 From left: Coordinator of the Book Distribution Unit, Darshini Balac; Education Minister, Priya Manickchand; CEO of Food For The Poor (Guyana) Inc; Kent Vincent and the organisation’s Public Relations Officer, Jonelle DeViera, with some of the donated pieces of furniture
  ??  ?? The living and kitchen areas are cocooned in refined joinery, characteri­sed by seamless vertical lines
* * *
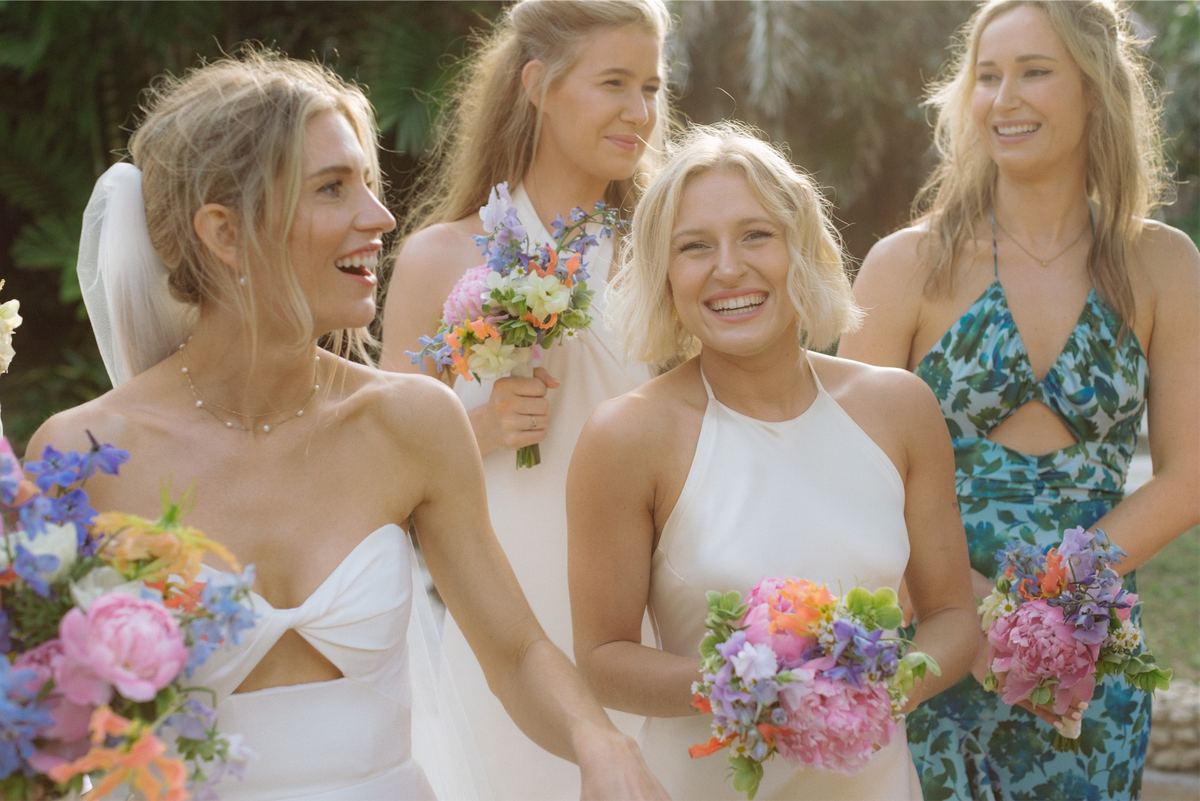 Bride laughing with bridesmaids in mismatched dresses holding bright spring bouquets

[Work instruction]: Give back the records above exactly, limited to the lines between the one holding "From left: Coordinator" and the one holding "seamless vertical lines", inclusive.

[Solution to this problem]:
 From left: Coordinator of the Book Distribution Unit, Darshini Balac; Education Minister, Priya Manickchand; CEO of Food For The Poor (Guyana) Inc; Kent Vincent and the organisation’s Public Relations Officer, Jonelle DeViera, with some of the donated pieces of furniture
  ??  ?? The living and kitchen areas are cocooned in refined joinery, characteri­sed by seamless vertical lines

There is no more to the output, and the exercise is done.